_BRIEF:_ Print every record exactly as it appears. Leave the pictures out.
(GIVEN DATA Opens)
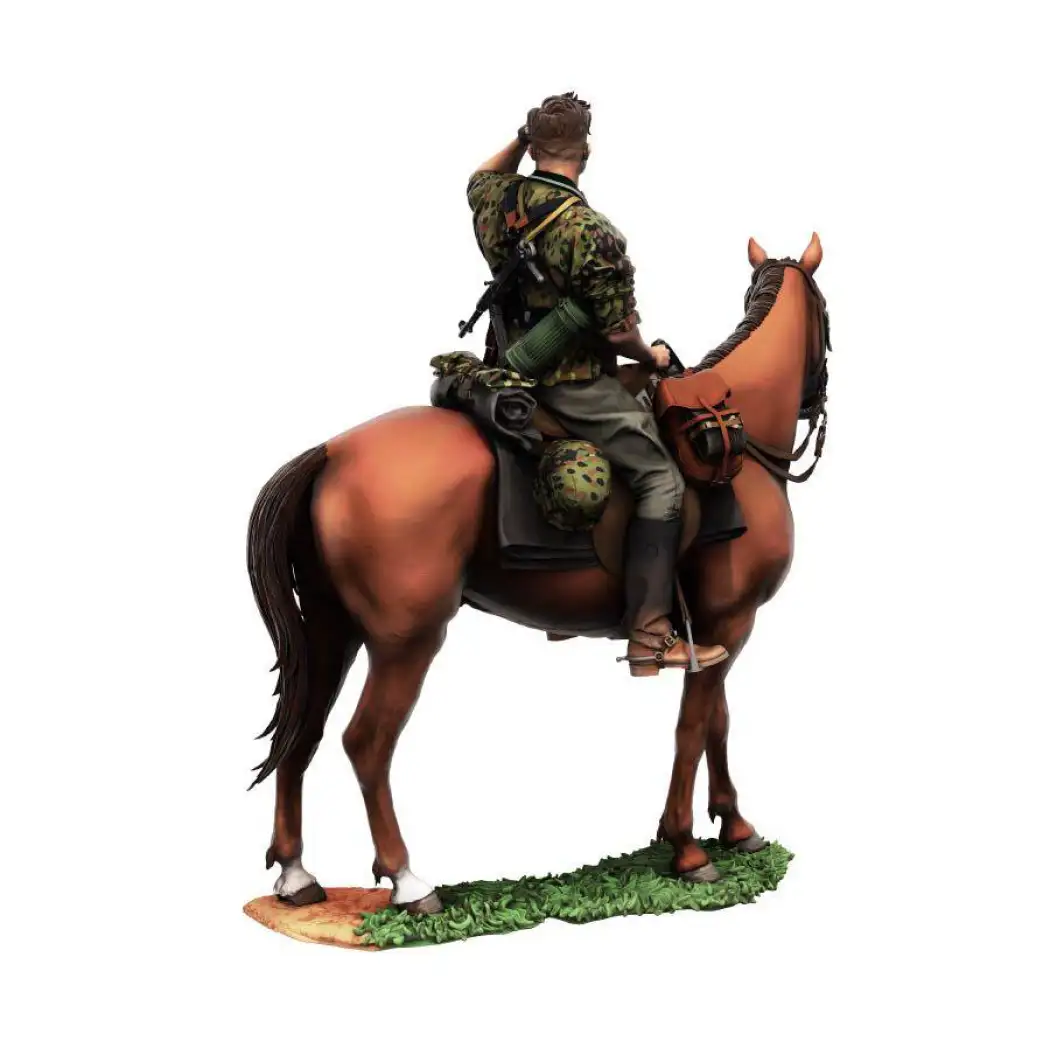 1/35 Resin model Kit German Soldier Scout Rider Horseman WW2 Unpainted - Model-Fan-Store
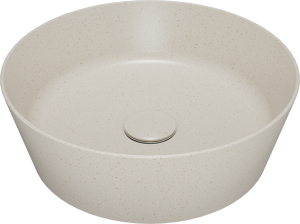 Storke Cona waskom beige granita solid surface rond Ø 36 cm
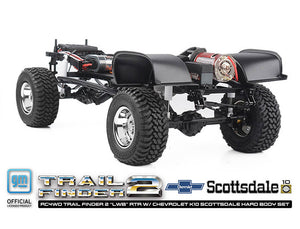 RC4WD TRAIL FINDER 2 LWB RTR W/CHEVROLET K10 HARDBODY BLACK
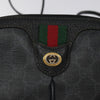 Gucci GG Supreme Web Sherry Line Bag – Black PVC Gold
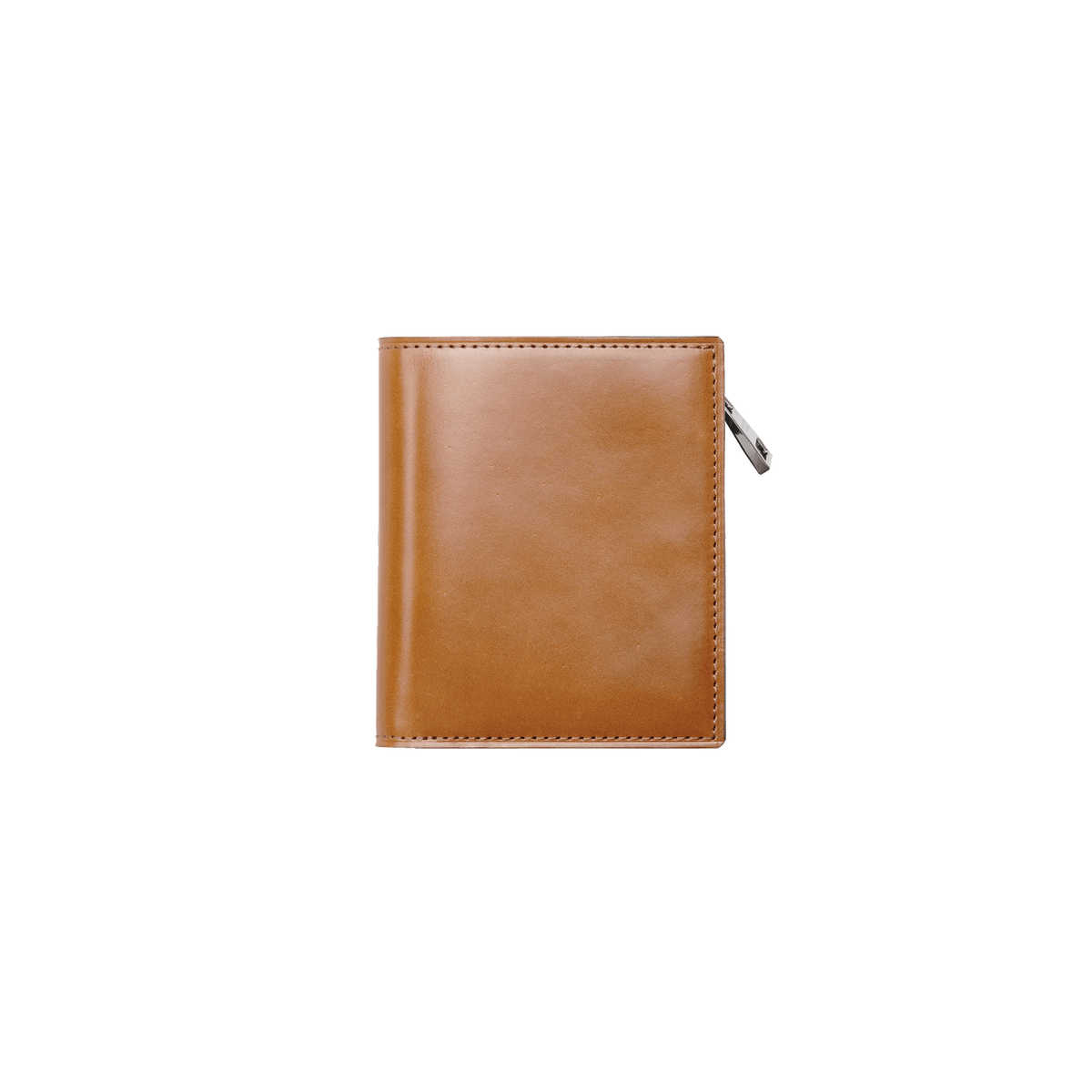 Cordovan Cordovan Compact Bifold Wallet in Tan Made in Japan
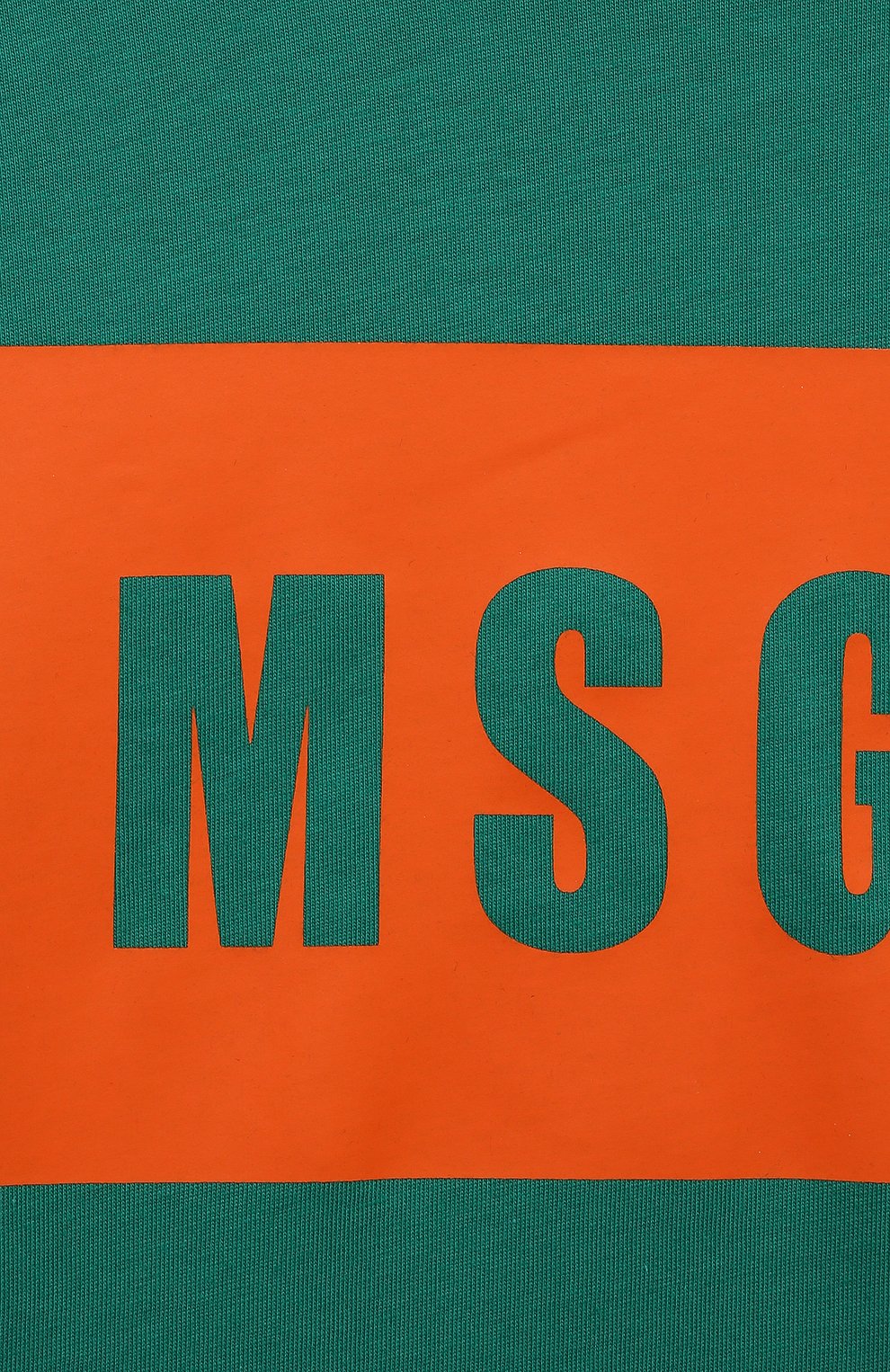Хлопковая футболка MSGM KIDS, арт. F3MSJUTH010, фото 3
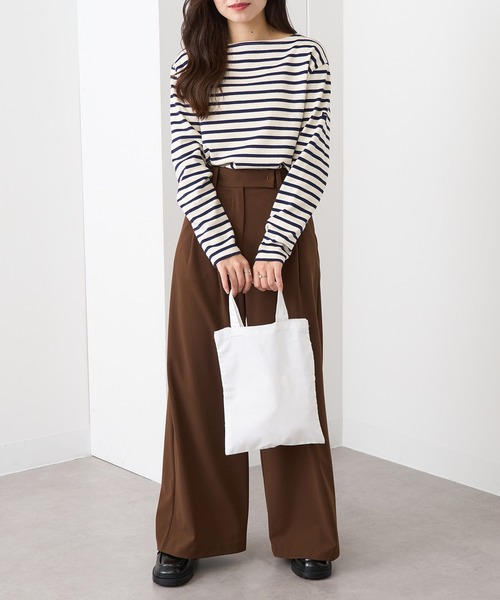WESTFORD MILL(ウエストフォードミル)の「【WESTFORD MILL】Mini bag for life WM104-O VTS(トートバッグ・レディース・ネイビー/ブラック/ナチュラル/ホワイト・FREE)」の15枚目の写真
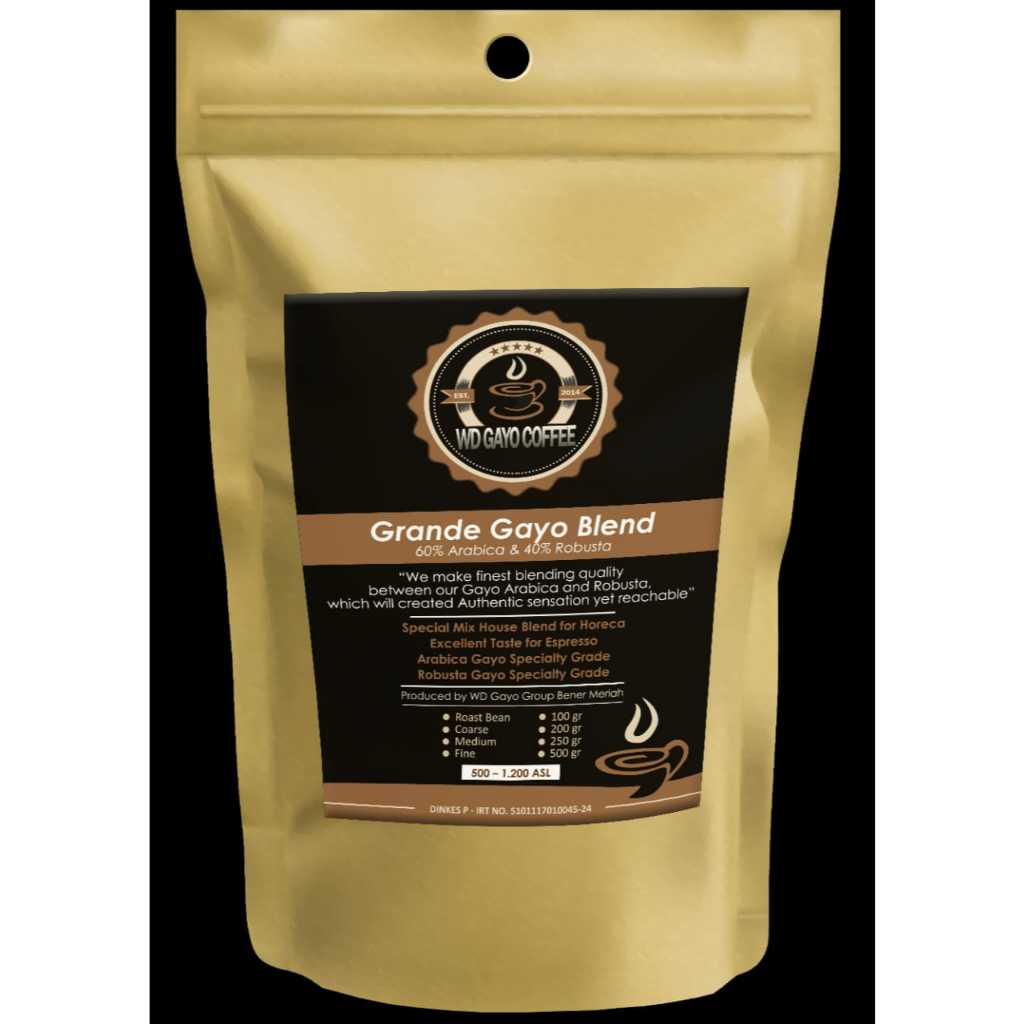 

Kopi Grande Gayo Blend - 60% Arabica & 40% Robusta 1kg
(GIVEN DATA Closes)
_TASK RESPONSE:_
 1/35 Resin model Kit German Soldier Scout Rider Horseman WW2 Unpainted - Model-Fan-Store
 Storke Cona waskom beige granita solid surface rond Ø 36 cm
 RC4WD TRAIL FINDER 2 LWB RTR W/CHEVROLET K10 HARDBODY BLACK
 Gucci GG Supreme Web Sherry Line Bag – Black PVC Gold
 Cordovan Cordovan Compact Bifold Wallet in Tan Made in Japan
Хлопковая футболка MSGM KIDS, арт. F3MSJUTH010, фото 3
WESTFORD MILL(ウエストフォードミル)の「【WESTFORD MILL】Mini bag for life WM104-O VTS(トートバッグ・レディース・ネイビー/ブラック/ナチュラル/ホワイト・FREE)」の15枚目の写真

Kopi Grande Gayo Blend - 60% Arabica & 40% Robusta 1kg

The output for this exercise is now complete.